A set of bristles the size of the head of a toothbrush travelled across her chest,
tickling her nipples through her bathing suit and crossing over the camera that was
draped around her neck. She was experiencing so many feelings simultaneously that
she had lost track of all the stimuli. Carol closed her eyes and tried to concentrate
on something else. She felt a needle prick her forehead.

It was over very fast, less than a minute altogether. The thing retracted its appendages,
backed up a couple of feet, and stood there, observing her from a distance. Carol
waited. After another twenty seconds, the attachments were stowed, as they had been
when the thing had gone after Troy, and it left the room.

Carol listened for sounds. It was totally quiet again. She backed up from the writing
table and tried to organize her thoughts. After about a minute, the purple and gold
wall panels began to move to the side on their own accord. They folded upon themselves
and formed small stacks. Then the corridors around the music room collapsed and automatically
organized their partitions into neat piles. Carol found herself standing in one huge
room under the cathedral ceilings. In the distance her weird antagonist with the flailing
appendages passed through a side door about twenty-five yards away and disappeared
quickly from view.

She looked around. There was no sign of Troy. The walls were creamy white and nondescript,
somewhat boring after the coloured panels in the earlier rooms. There were two doors,
opposite each other in the middle of the room. Except for the musical instruments,
which now seemed completely out of place clustered together at one end of such a vast
room, the only other object she could see was a small piece of carpet against the
wall to the left. In front of her against the far wall, about fifty yards away, there
was what appeared to be a large window on the ocean. Even from a distance she could
see and identify some of the fish swimming by.

At first Carol hurried toward the window.
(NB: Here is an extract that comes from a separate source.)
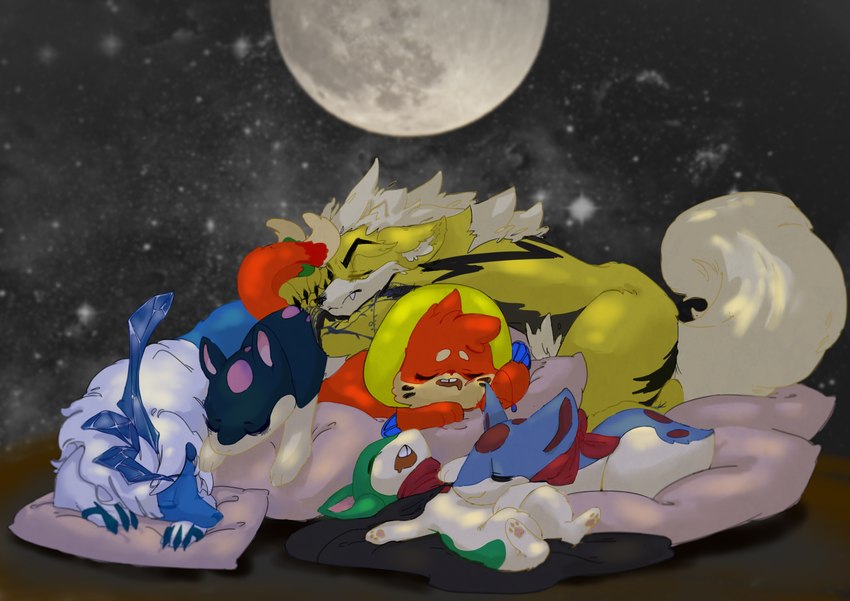 ambiguous_gender body_stack detailed_background feral group lying moon night on_back on_front pillow sky sleeping stack star starry_sky shark_bone nintendo pokemon shio_(quilava) theattcker22 youta absol arcanine buizel dialga generation_1_pokemon generation_2_pokemon generation_3_pokemon generation_4_pokemon hybrid hybrid_pokemon legendary_pokemon pokemon_(species) quilava 2019 absurd_res hi_res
When she was about halfway there and level
with the doors, she stopped a few seconds and took a few photographs of the rather
bland room. Curiously, the small carpet was not where she remembered it. It had somehow
been moved while she was walking. She approached the carpet very slowly. Her weird
experiences since she and Troy had been sucked out of the ocean had made Carol understandably
wary. As she drew closer, she saw that the flat object lying on the floor was definitely
not a carpet. From above she could see an intricate internal design, like a complex
network of sophisticated electronic chips. There were strange whorls and geometric
patterns on its surface; they had no specific meaning to Carol but they reminded her
of the fractal designs Dr. Dale had shown her one night in his apartment. The symmetries
of the object were readily apparent. In fact, each of the four quadrants of the carpet
was identical.

It was about six feet long, three feet wide, and two inches thick. The dominant colour
was slate grey, although there were some significant colour variations. Some of the
larger individual components must have been colour-coded according to some master
plan. Carol could identify groupings of similar elements in red, yellow, blue, and
white within the design. The overall harmony of the colours was striking, suggesting
that some effort had been made by the designers to include aesthetic considerations.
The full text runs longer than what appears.